The panel will likely be quickly pressed to decide whether to vacate the rule while EPA reconsiders the cost issue. Vacating the rule could, in theory, help EPA with the inevitable challenges to the greenhouse gas regulations.
Paradoxically, if the court leaves the rule in place, that would bolster the industry Clean Power Plan arguments. That is particularly true because industry’s mercury rule argument is a threshold issue — meaning whether EPA has authority to issue the greenhouse gas limits in the first place. Industry challengers will want to make that argument when they ask the D.C. Circuit to immediately stay the climate rule after it is finalized.
Whether the D.C. Circuit vacates the rule is not a simple legal question.
Under the Administrative Procedure Act, a court is directed to vacate a rule that is deemed unlawful.
But there is precedent at the D.C. Circuit of the court leaving in place large environmental regulations that yield significant health benefits. For example, the court in 2011 left in place a George W. Bush-era EPA program to address air pollution that crosses state lines that it had previously found unlawful while it considered challenges to the Obama administration’s more stringent version (Greenwire, Jan. 3, 2012).
The question will likely come down to the three-judge panel. Judge Judith Rogers, a Democratic appointee, sat on the cross-state air case as well, so she may be inclined to leave the mercury rule in place.
Judge Brett Kavanaugh, a Republican appointee, was also on the cross-state panel, but he dissented from the court’s original mercury rule decision. He may, therefore, be inclined to follow a conservative reading of the Administrative Procedure Act and vacate the rule.

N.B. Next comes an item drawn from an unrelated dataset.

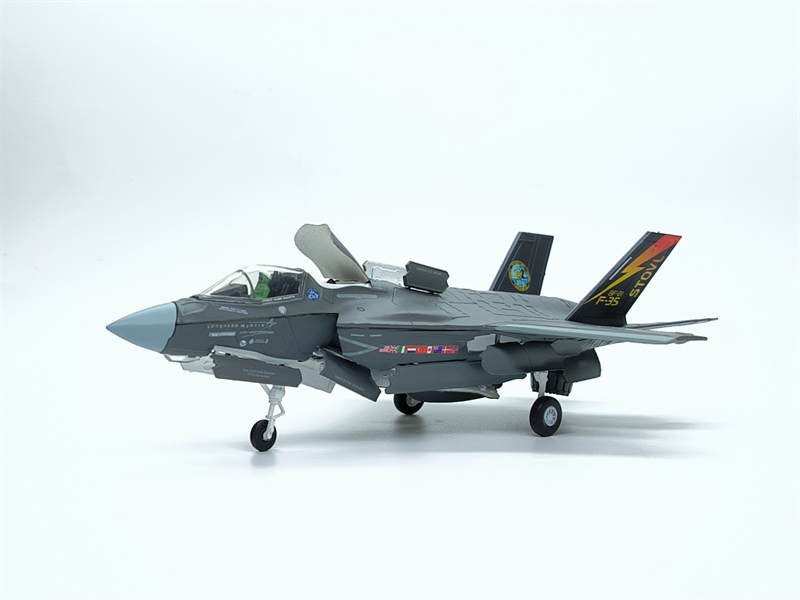 Mô hình máy bay F35B tỷ lệ 1/72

That leaves Chief Judge Merrick Garland, another Democratic appointee, who could be the decisionmaker on the issue, Lorenzen said.
Timing could be key
There is also a complicated timing issue. Lorenzen said he thinks challengers to the Clean Power Plan will push for a resolution of whether the mercury rule is vacated quickly so they will have time to adjust their legal strategy for their challenges to the greenhouse gas rule.
But there is a good chance that even with an expedited review, Lorenzen said, they still won’t have an answer on the vacateur question for months — perhaps not in time to file their Clean Power Plan lawsuits.
Patrick Parenteau of Vermont Law School said the challengers to the greenhouse gas regime may be better off pushing to delay that rule’s implementation.
"I could see industry tactically arguing, stay [the Clean Power Plan] until the [mercury rule] issue is sorted out," he said. That could, he said, prevent the Clean Power Plan from being completed before Obama leaves office in January 2017.
Suzanne Murray, a former EPA regional general counsel, countered that the agency’s legal team could see "slow walking" the vacate issue as advantageous.
"There may be some benefits to the Clean Power Plan to letting this sit or be acted," said Murray, now a partner at the firm Haynes and Boone. "During that time, you have a vacuum. And during that time, it makes the Clean Power Plan easier to defend."
EPA may feel comfortable with that option, she said, because nearly 70 percent of the coal industry is already complying with the mercury rule.
Sean Donahue, a lawyer who frequently represents environmental groups in air cases, said he thinks EPA will be more aggressive than that.
"I expect and hope that EPA rolls up its sleeves instead of saying, ‘We’ll wait for what the D.C. Circuit tells us what the status of the rule is,’" he said. "That does have the potential to be dragged out."
He and Parenteau both said they think the rule will remain in place and won’t be vacated.
But, Parenteau added, nothing is certain after the Supreme Court’s ruling.
"It’s a bit of a crapshoot," he said.